A Salute to Screamin’ Jay Hawkins

He was born as Jalacy Hawkins but under the stage name Screamin’ Jay Hawkins, he recorded a song that has become a Halloween staple- “I Put A Spell On You”. 

Hawkins was born in 1929 in Cleveland, Ohio. Soon after, he was adopted and raised by Blackfoot Indians. He studied piano and guitar and wanted to grow up to be an opera singer. When that didn’t pan out, he turned to playing piano and singing the blues. His first recordings were with guitarist Tiny Grimes’ band in 1951. 

Once Hawkins stepped out and began a solo career, he became known for his vivid stage costumes that consisted of leopard skins, red leather, and large hats. This was just him getting his toes wet before diving into his “shock rock” persona. 

In 1956, Hawkins entered the studio with the song “I Put A Spell On You” with the intent of recording it as “a refined love song, a blues ballad”. However, on the day of recording, the record producer Arnold Maxin had brought in ribs, chicken, and alcohol for everyone. After recording, Hawkins recalled that, “we came out with this weird version…I don’t even remember making the record. Before, I was just a normal blues singer. I was just Jay Hawkins. It all sort of just fell in place. I found out I could do more destroying a song and screaming it to death.”
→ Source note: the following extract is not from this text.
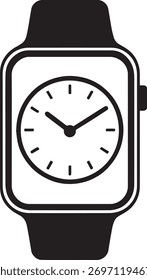 Smartwatch mit analoger Uhr einzeln auf weißem Hintergrund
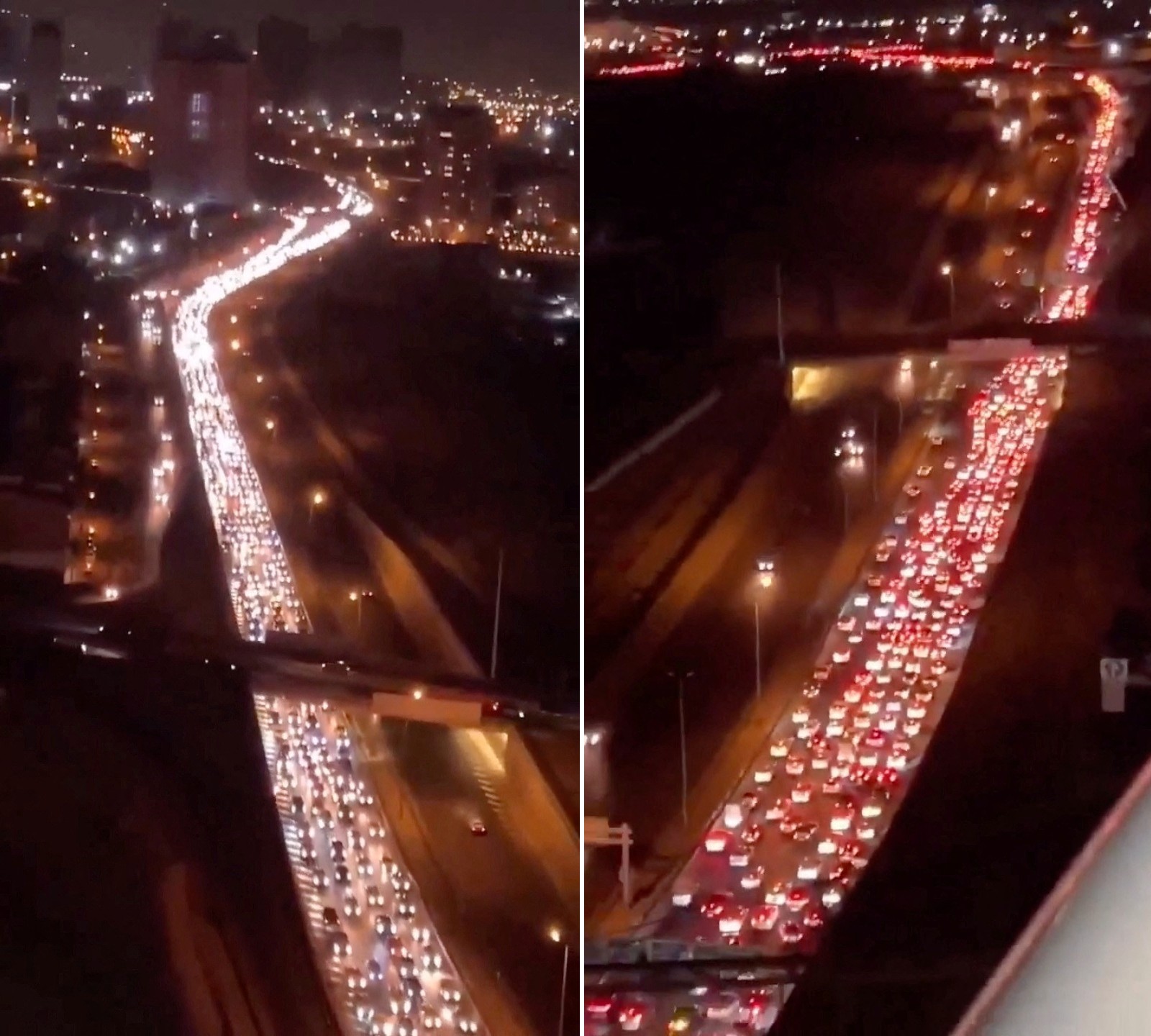 Tráfego intenso na rodovia Karaj-Chalus enquanto veículos se movem para o oeste em uma direção que sai de Teerã, Irã, enquanto Israel e Irã continuam a se atacar, nesta captura de tela obtida de um vídeo de mídia social divulgado em 16 de junho de 2025. (Foto: Mídia social/via REUTERS)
It’s kind of funny how that works out sometimes because we would hear a similar story about the 1968 Iron Butterfly epic song “In-A-Gadda-Da-Vida”, where gallons of wine would lead to “In The Garden of Eden” becoming “In-A-Gadda-Da-Vida”. 

After “I Put A Spell On You” was released, a radio DJ approached Hawkins and offered him $300 to emerge from a coffin during a performance. Hawkins was initially against the idea, saying that, “No black dude gets in a coffin alive – they don’t expect to get out!” After more consideration though, Hawkins brought out the coffin, the smoking skulls, the rubber snacks, and more. Twenty years after the initial release of “I Put A Spell On You”, Hawkins looked back during an interview and said, “If it were up to me, I wouldn’t be Screamin’ Jay Hawkins…James Brown did an awful lot of screamin’, but never got called Screamin’ James Brown…Why can’t people take me as a regular singer without making a bogeyman out of me?”

The song has been covered and released by other artists such as Nina Simone, Creedence Clearwater Revival, Sonique, Annie Lennox, and Chaka Khan. Probably the most notable cover was in the 1993 Disney Halloween favorite Hocus Pocus. Star Bette Midler brought the performance back during her 2015 Divine Intervention Tour and came out complete with Mary Sanderson-esque costume.

While Hawkins may have come to hate what his act became, without his bold work, we would not have artists like Alice Cooper, Black Sabbath, The Misfits and Glenn Danzig, Rob Zombie, and modern theatrical rockers such as Ice Nine Kills, who have become known for their horror-themed songs and live shows, complete with bloodied costumes and murderous props.